I was delighted today to notice that I have 20 comments on my blog posts! 20 comments from people all over the world. How wonderful.
I think that spam is proof that people are evil by nature. Who does that? Just once, I want to meet the actual person behind just one of the spam hacks that goes out. What does he or she look like? What does he/she do for fun?
It boggles my mind that there are people out there who actually create spam for a living… knowingly. Will students I teach grow up to someday be spammers? Is that an occupation that kids list on their “what do you want to be when you grow up” essays?
“I can’t wait to grow up to be a spammer! I will find new ways to spell V1OGREA so people can’t block it! I will discover new methods of getting people to invest in my Namibian uncle who just needs a place to store his cash for a few weeks. Free iPhons? YOU BETCHA!!!”
Seriously. This is the world we live in.
The biggest issue I have with spam is that it has to work, right? I mean, at some point in time wouldn’t these people stop wasting time and effort in sending spam if it didn’t actually accomplish something?
My guess is that spam has become a self-fulfilling technology. Human beings no longer create spam. It is spontaneously created by machines that have an axe to grind with humanity. It’s not about termination of the human race ala Terminator, but rather annoyance.
Please. Just stop.
I am looking at poster in my classroom that a group of students created. It reads, “It’s not where you are, it’s who you’re with.”
Where am I right now? I’m in my classroom sitting at a table somewhere in Omaha. I’m with students who are attempting to write. We are all here together in this sterile room with the fluorescent lamps flickering overhead.
The real world that I am in right now is not wonderful or perfect or in any way inspirational. So I close my eyes and listen to the Dante Symphony by Liszt and think of virtual places that will inspire my writing.
It is just this type of micro-fantasy that I engage in from moment to moment that probably leads most of us into our virtual world of choice. For some of us, the virtual manifests as Facebook or Twitter. Some enjoy Tubmblr or Instagram. And some disappear into Minecraft or any number of virtual gaming adventures.
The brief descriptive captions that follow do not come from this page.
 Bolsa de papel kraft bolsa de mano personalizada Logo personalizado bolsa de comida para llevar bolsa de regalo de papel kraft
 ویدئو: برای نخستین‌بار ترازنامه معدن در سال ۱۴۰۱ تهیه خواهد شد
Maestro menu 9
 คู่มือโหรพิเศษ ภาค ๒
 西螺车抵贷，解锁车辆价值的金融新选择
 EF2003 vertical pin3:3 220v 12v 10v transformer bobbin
We long to be somewhere else with other people doing anything but what we are doing in the real world right now.
Technology has not made this a “new thing.” It has always been this way. As leisure time has increased, our ability to disappear from the real world has also grown. The more free time we have, the more ways we have to disappear. From theater to books to radio to television, we’ve been using technology to create virtual worlds for centuries. Blaming technology for creating this “problem” isn’t the right way to go about it. The question is, why are we so easily drawn out of reality into the virtual? What is it about our evolution that makes humans so readily able to disappear from the physical world?
I have no answer. I just want to contemplate the question.
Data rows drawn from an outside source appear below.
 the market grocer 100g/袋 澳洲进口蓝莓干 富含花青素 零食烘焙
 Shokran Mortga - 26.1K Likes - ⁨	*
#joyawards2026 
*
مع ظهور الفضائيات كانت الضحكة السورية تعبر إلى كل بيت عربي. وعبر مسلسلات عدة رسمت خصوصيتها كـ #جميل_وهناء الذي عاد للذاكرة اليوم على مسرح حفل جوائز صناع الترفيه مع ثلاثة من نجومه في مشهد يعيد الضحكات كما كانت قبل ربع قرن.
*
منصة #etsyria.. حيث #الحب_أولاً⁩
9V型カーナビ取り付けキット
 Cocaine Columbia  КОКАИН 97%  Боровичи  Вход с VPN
The kid without a computer walks into my room at this 1-1 school. All the other students get their laptops out obediently and look up what they are supposed to look up. The bell rings, and the student without a laptop just sits there looking kind of lost.
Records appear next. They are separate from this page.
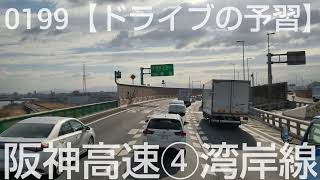 0199【ドライブの予習】阪神高速の湾岸線から大和川線を経由して阪和自動車道へ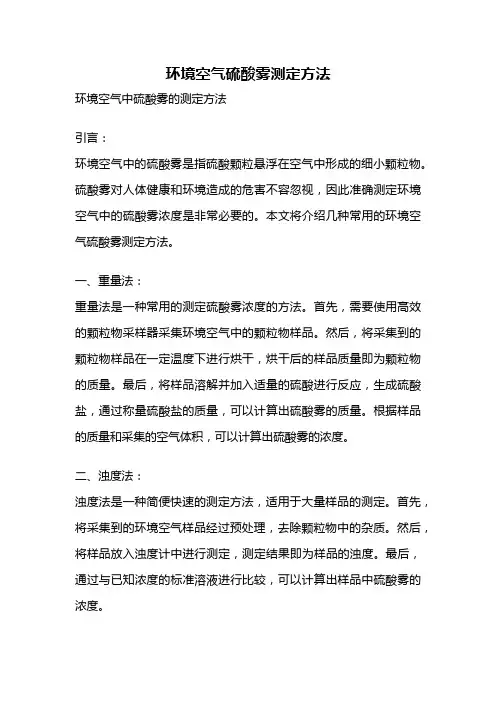 环境空气硫酸雾测定方法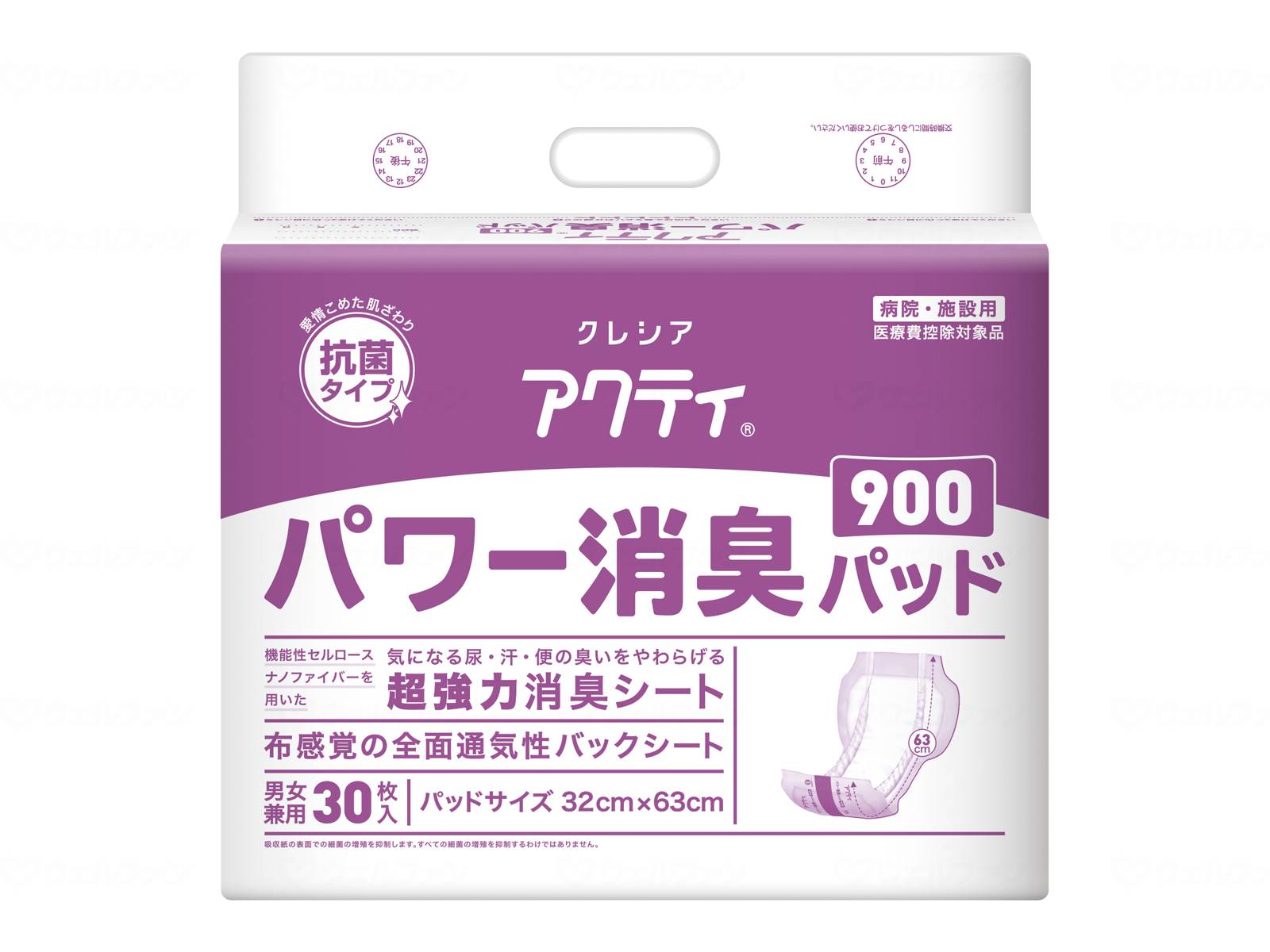 ウェルファン Gパワー消臭パッド900/袋/900 1個（ご注文単位1個）【直送品】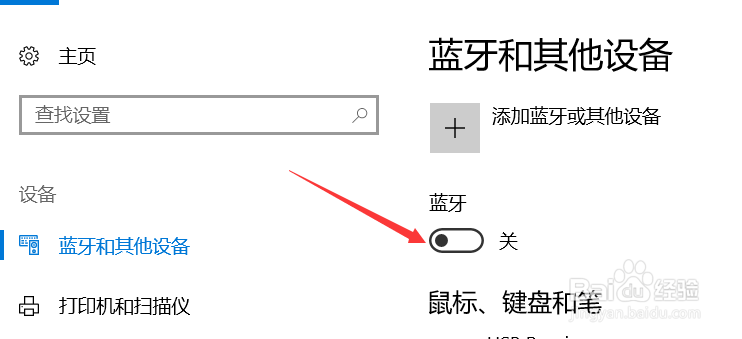 拯救者r720 win10如何开启蓝牙?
Sure, it’s probably his fault that he doesn’t have a computer. He might have lost the charger or he might have done something to break it, but it’s still a misery for both him and me. My lessons hinge on the use of some kind of technology. And as long as there is that one kid without a computer, I have to double prepare each day knowing that there will always be someone out there who isn’t prepared.
I bring this up because I have been thinking about the healthcare debacle as of late. There was a report about how very few people have actually signed up for the healthcare exchanges available online. And certainly the crapfest launch of that sad website has something to do with it, but seriously, who are the people who don’t have insurance in this country? They are probably the same people who still don’t have the internet, a computer, nor the means to get them.
I could just see those faceless millions of uninsured Americans in my mind; this mass of people that we want to get enrolled in a complicated government program that will probably cost them at least some money. These people who have no access to anything. If I can’t get that one kid in my classroom online at a wealthy school, how in the world can we, as a nation, reach those millions with no access at all?
I’m sure someone smarter than I am has already figured it out, right?